File size: 5,824 Bytes

---
license: mit
base_model:
- timm/maxvit_tiny_tf_224.in1k
pipeline_tag: zero-shot-classification
datasets:
- AbstractPhil/geometric-vocab
---

# The models uploaded are no longer based on max-vit so this repo is to be archived.

The massive achievement here is the 300 kb pentachora vit that can accurately top 1 cifar 100 with 25% accuracy and top 5 at 80% accuracy is tremendous. This is a legitimate showcase and proof of concept that not only proves without a doubt that the geometry and the structural integrity will withstand large amounts of information, but that the features and CLS structure is not just semantic - but it's deterministic and repeatable.

The internal structure no longer reflects maxvit even slightly. It's far divergent and no longer houses any of the original conceptualizations that the max-vit-goliath would curtail.

If you were keeping up on the journey, know that I will not slow down. The next repo will contain the full manifest of the "penta-vit" and the vision of how the patches will function in an entirely new systemic capacity.

Thank you for your time. *bows head*

# Spark V2 - Non random pentas.

The early prototype below was from purely random pentas; meaning it wasn't using the vocabulary based on checking the saved vocabulary outputs.

The vocabulary should be uniformly matching through all of the variants.


# Updated again - Spark has variants.

It works boys n grills. We have a micro-sized geometric ViT model that works.

Now lets provide that lightning that makes the Nikola architecture truly unique - baked clean into our geometric structure with our geometric attention relay.
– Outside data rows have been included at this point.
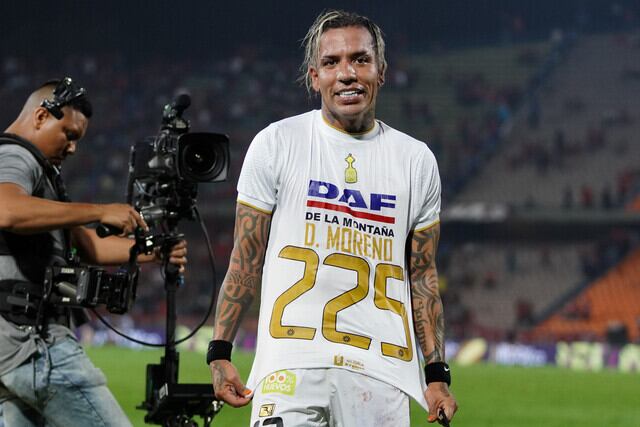 Dayro el día que llegó al gol 225.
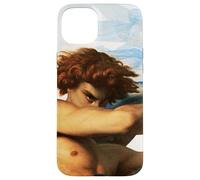Peinture Ange déchu par Alexandre Cabanel Coque pour iPhone 15 Plus
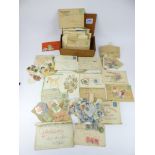 QUANTITY OF VINTAGE STAMPS & ENVELOPES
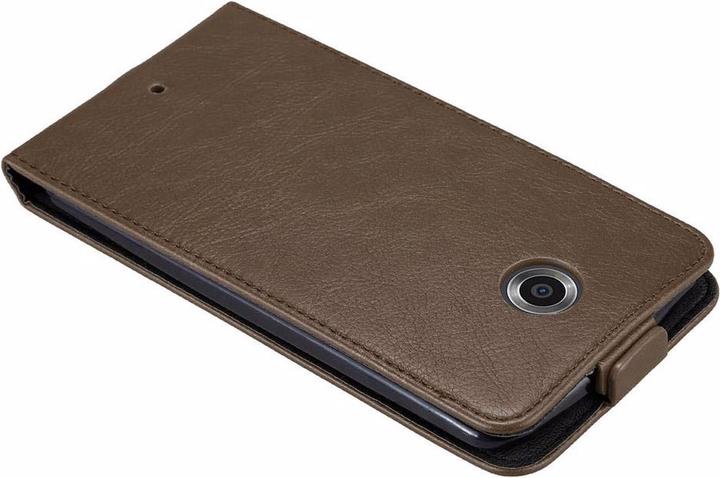 Produktbild Cadorabo Flip wie Invisible Cover (Google Nexus 6)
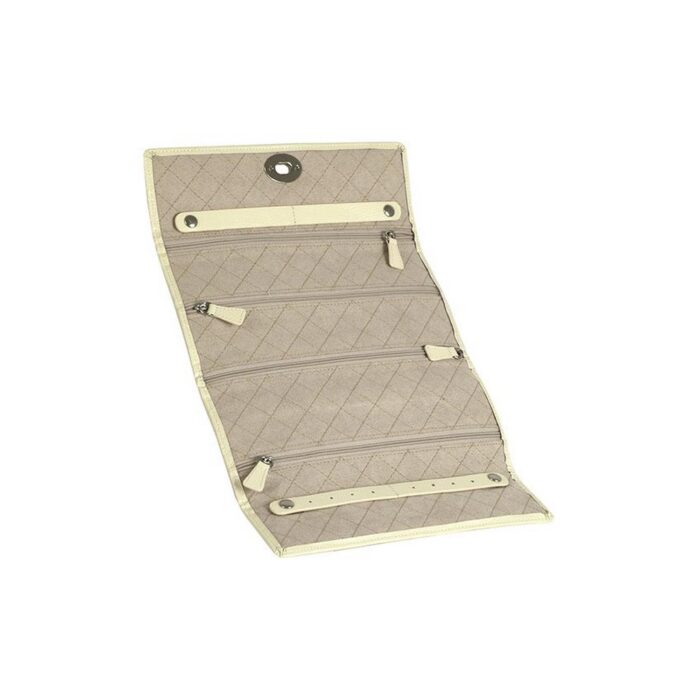 WOLF 1834 LONDON JEWELRY ROLL - 315353CREAM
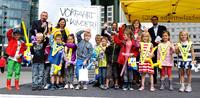 Start der gemeinsamen Aktion „Schule startet – Verkehr wartet! Vorfahrt für Kinder!“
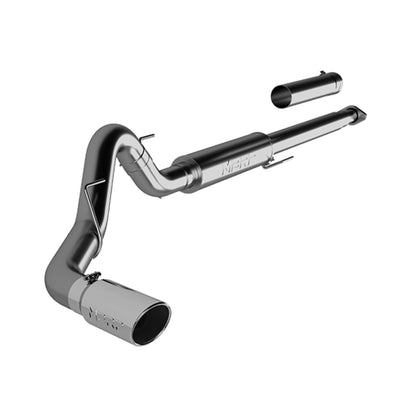 MBRP S5259409 4in. Cat-Back. Single Side Exit. T409 Stainless Steel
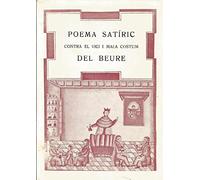 Poema satíric contra el vici i mala costum del beure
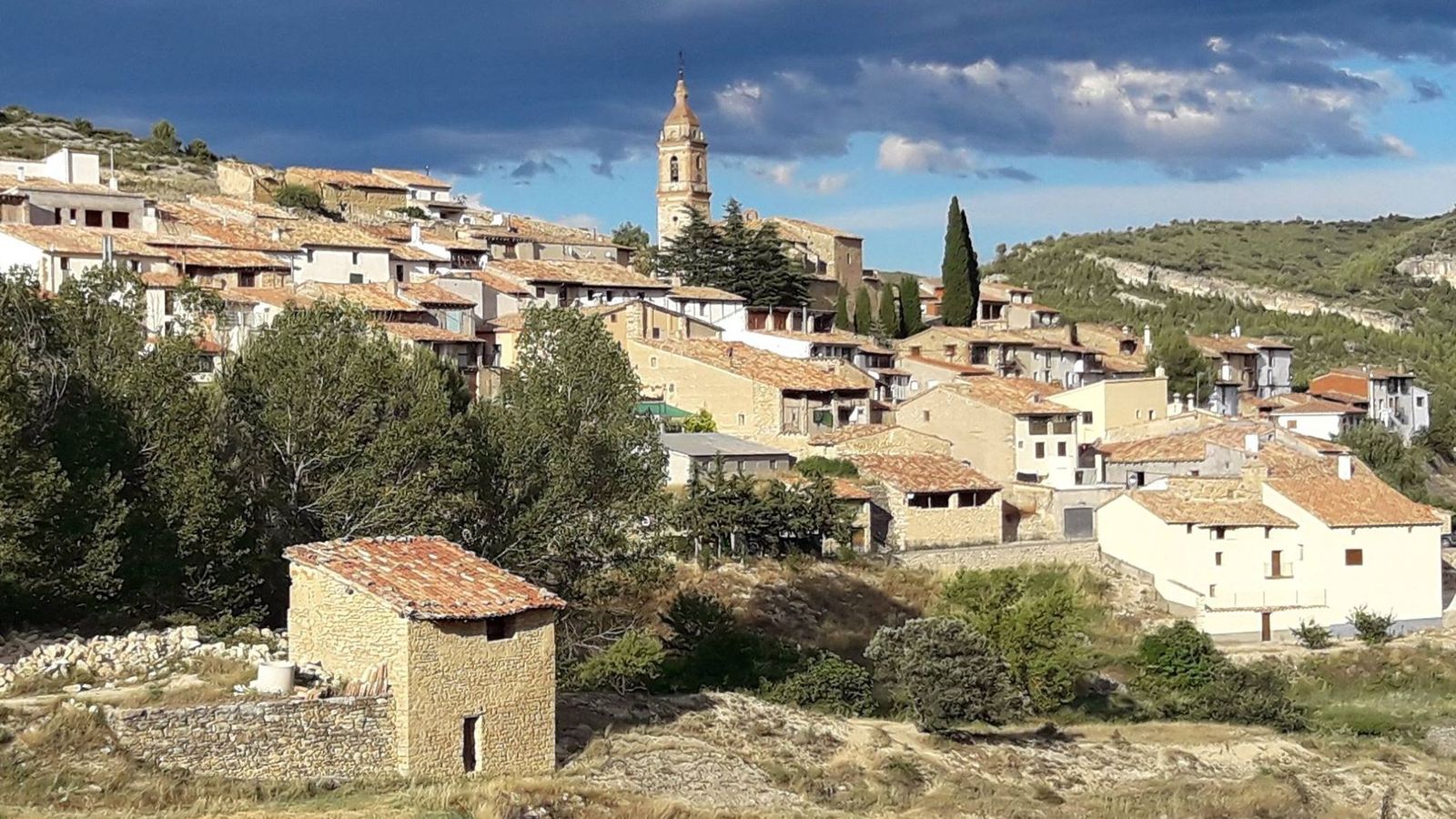Palanques és un dels municipis que estarà este dijous sota l'avís roig per la calor
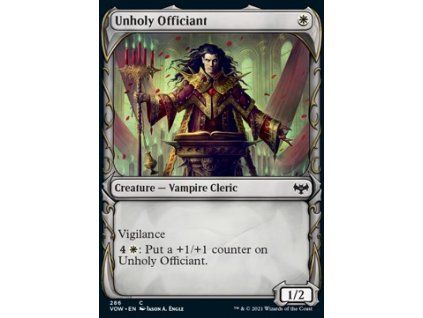 Unholy Officiant - showcase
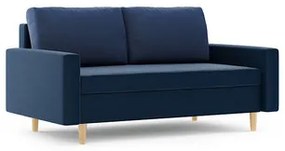 BELLIS kisméretű kinyitható kanapé Kék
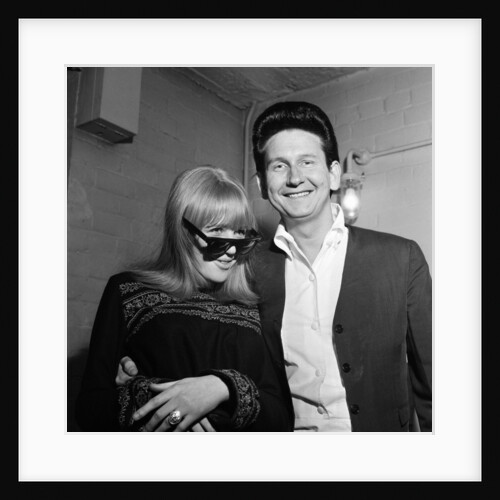 Marianne Faithfull by Arthur Sidey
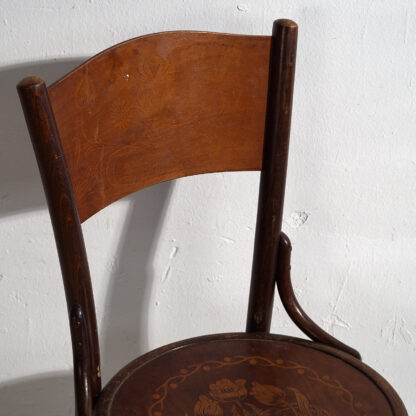 Antique wooden chairs (c.1900).
Set of 4 pieces #24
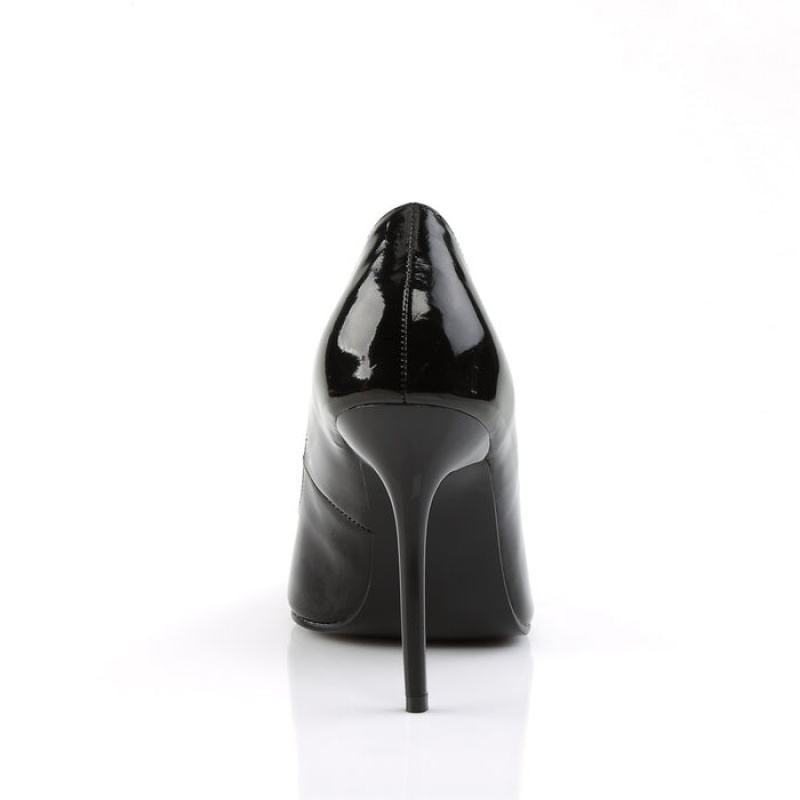 Pleaser Classique-20 Pumps Dame Svarte | 056-JKRTZL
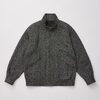 ULTERIOR WOOL SILK KERSEY ZIP UP JKT UBS47-KC206画像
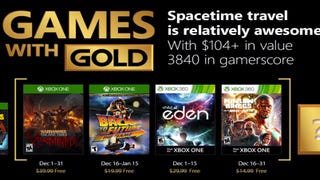 Xbox Live Games with Gold December lineup announced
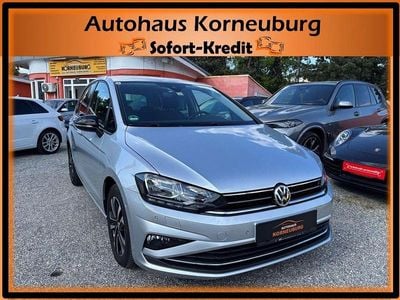 Grau Gebraucht 2019 VW Golf Sportsvan Van / Kleinbus | € 16.990 (Teuer)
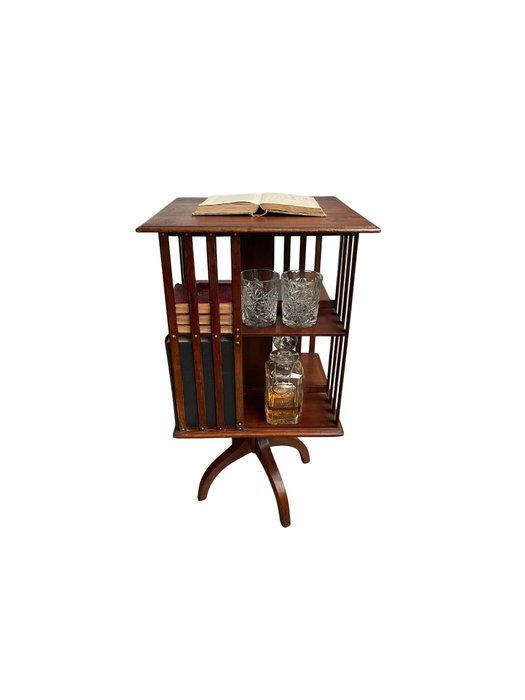 Revolving bookcase - Boekenkast - Mahonie, Antiek en Kunst, Antiek | Overige Antiek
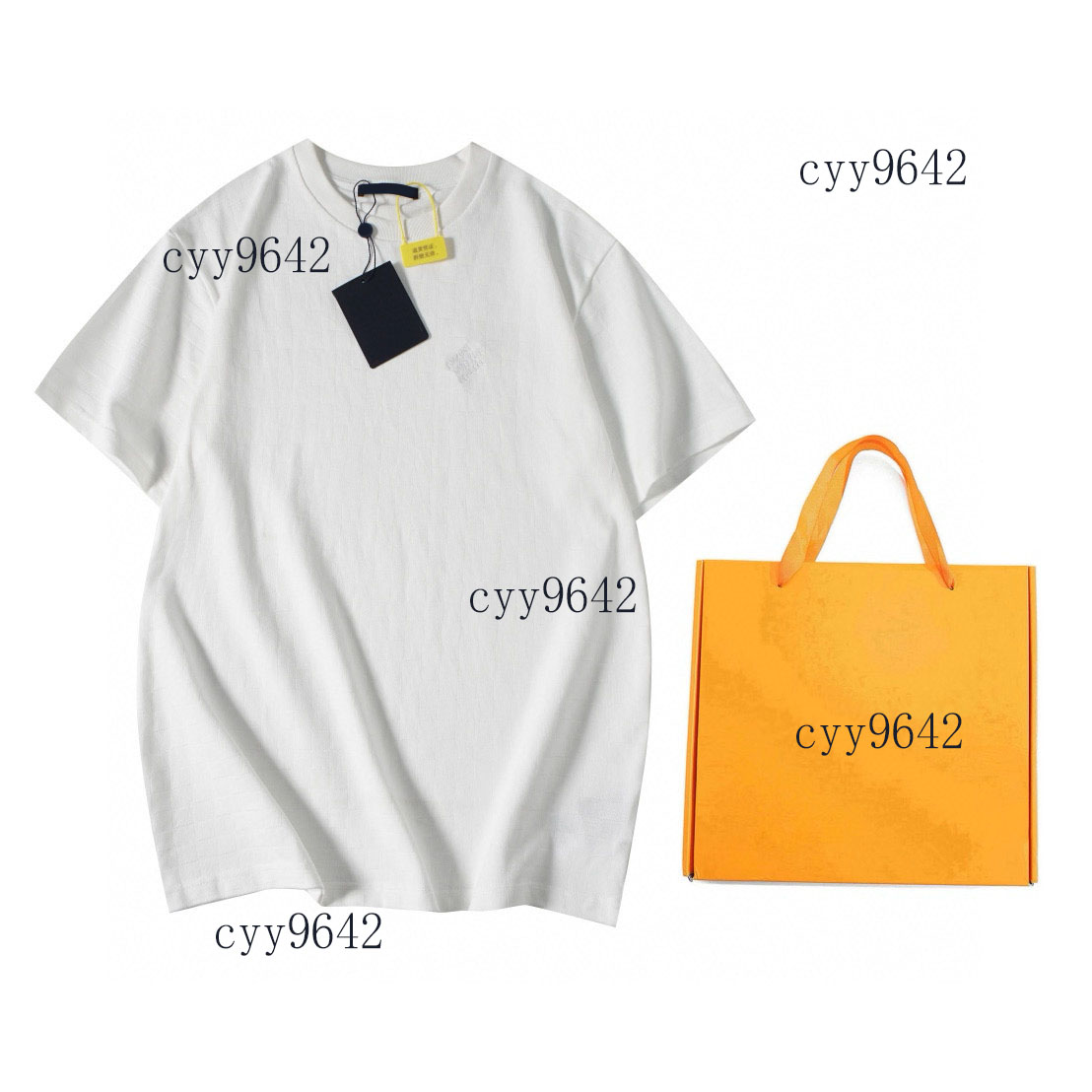 Men's Plus Tees & Polos Round neck embroidered and printed polar style summer wear with street pure cotton f2w3r cyy9642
The current model.py contains the weights I'm training. Which makes this direct proofs for geometric structural integrity solidifying smaller structures into a much more potent shape.

Nikola's resonant formulas will assist with this one; as it took to the geometric attention built specifically for the coil architecture. Lets see how she behaves in the coming days.

Currently I'm going to run about 50 of these to see how she behaves with cifar100 and various settings.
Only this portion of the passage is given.